![Abaküs Yazılım](/3.png)
Esas No: 2015/31341
Karar No: 2017/7137
Karar Tarihi: 21.09.2017
Marka Hakkına Tecavüz - Yargıtay 19. Ceza Dairesi 2015/31341 Esas 2017/7137 Karar Sayılı İlamı
"İçtihat Metni"
MAHKEMESİ :Asliye Ceza Mahkemesi
SUÇ : Marka Hakkına Tecavüz
HÜKÜM : Mahkumiyet
Yerel Mahkemece verilen hüküm temyiz edilmekle; başvurunun süresi, kararın niteliği ve suç tarihine göre dosya incelendi, gereği görüşülüp düşünüldü:
Temyiz isteğinin reddi nedenleri bulunmadığından işin esasına geçildi.

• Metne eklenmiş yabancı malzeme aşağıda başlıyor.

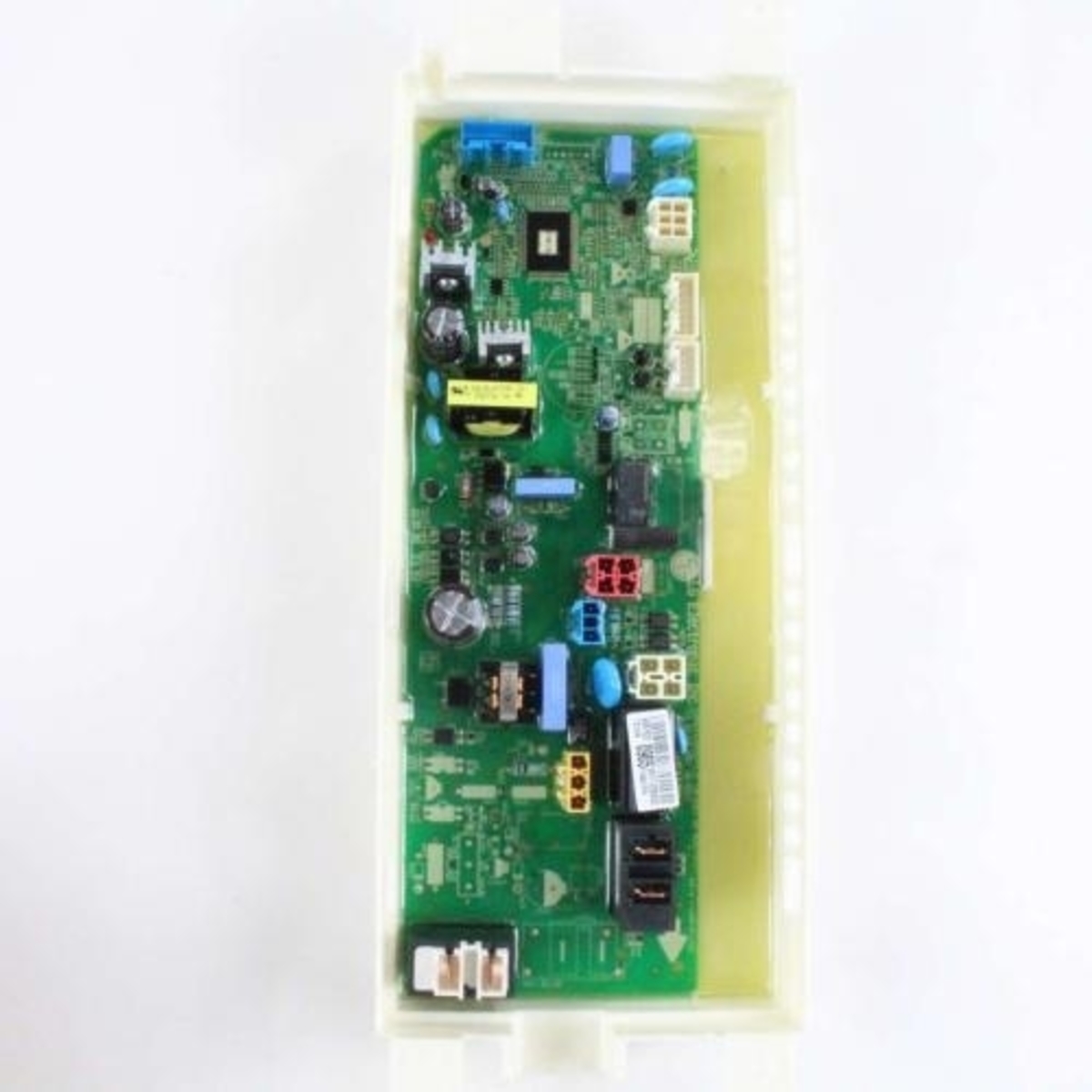 LG EBR76210905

Vicdani kanının oluştuğu duruşma sürecini yansıtan tutanaklar, belgeler ve gerekçe içeriğine göre yapılan incelemede;
Katılan vekili ve sanık uzlaşma teklifinde bulunulduğu tarihte uzlaşma hükümlerinin uygulanmasına yasal olanak bulunmadığı halde, kollukta düzenlenen matbu form üzerinde uzlaşmayı kabul etmediklerine dair seçeneği imzalamışlarsa da, bir hakkın doğmadan önce kullanılması söz konusu olamayacağından, uzlaşma teklifinin hukuken geçerli olmadığı anlaşılmakla, 02.12.2016 tarihli Resmi Gazete’de yayımlanarak yürürlüğe giren 6763 sayılı Kanun"un 34. maddesiyle Ceza Muhakemesi Kanunu’nun 253. maddesinde değişiklik yapılarak madde içeriğinden “etkin pişmanlık hükümlerine yer verilen suçlar ile” ibaresinin çıkarılması nedeniyle özel bir etkin pişmanlık hükmü olan 556 sayılı Kanun Hükmünde Kararnamenin 61/7. maddesinin aynı Kanun Hükmünde Kararnamenin 61/A maddesinde düzenlenen satışa arz etme veya satma suçu yönünden de uzlaşma kurumunun uygulanmasına engel teşkil etmemesi, uzlaşmanın soruşturma ve kovuşturmalarda mutlaka öncelikle uygulanması zorunlu bir maddi ceza hukuku ve ceza muhakemesi hukuku kurumu olması karşısında, sanık hakkında 6763 sayılı Kanunun 34. maddesiyle değişik CMK’nın 253 ve 254 maddelerinin uygulanması zorunluluğu,
Kabule göre de;
1- Sanığın adli sicil kaydındaki ilam hükmün açıklanmasının geri bırakılmasına ilişkin olup, bu kararın CMK"nın 223. maddesi anlamında kesinleşmiş mahkumiyet hükmü niteliğinde olmadığı gözetilmeksizin sanığın sabıkalı olduğu şeklindeki yerinde olmayan gerekçeyle hükmün açıklanmasının geri bırakılmasına yer olmadığına karar verilmesi,
2- Kararın gerekçesinde "sanık sabıkalı olduğundan verilen ceza ertelenmemiş, seçenek tedbirlere çevrilmemiş ve Hükmün Açıklanmasının Geri Bırakılmasına karar verilmemiştir" denilmesine karşın, hüküm fıkrasında TCK’nın 50/1-a maddesi uyarınca hapis cezası adli para cezasına çevrilerek çelişkiye yol açılması,
./..
Bozmayı gerektirmiş ve sanığın, temyiz nedenleri bu itibarla yerinde görüldüğünden HÜKMÜN 5320 sayılı Kanun"un 8/1. maddesi gereğince uygulanması gereken 1412 sayılı CMUK"nın 321. maddesi uyarınca BOZULMASINA, yargılamanın bozma öncesi aşamadan başlayarak sürdürülüp sonuçlandırılmak üzere dosyanın mahkemesine gönderilmesine, 21.09.2017 tarihinde oybirliğiyle karar verildi.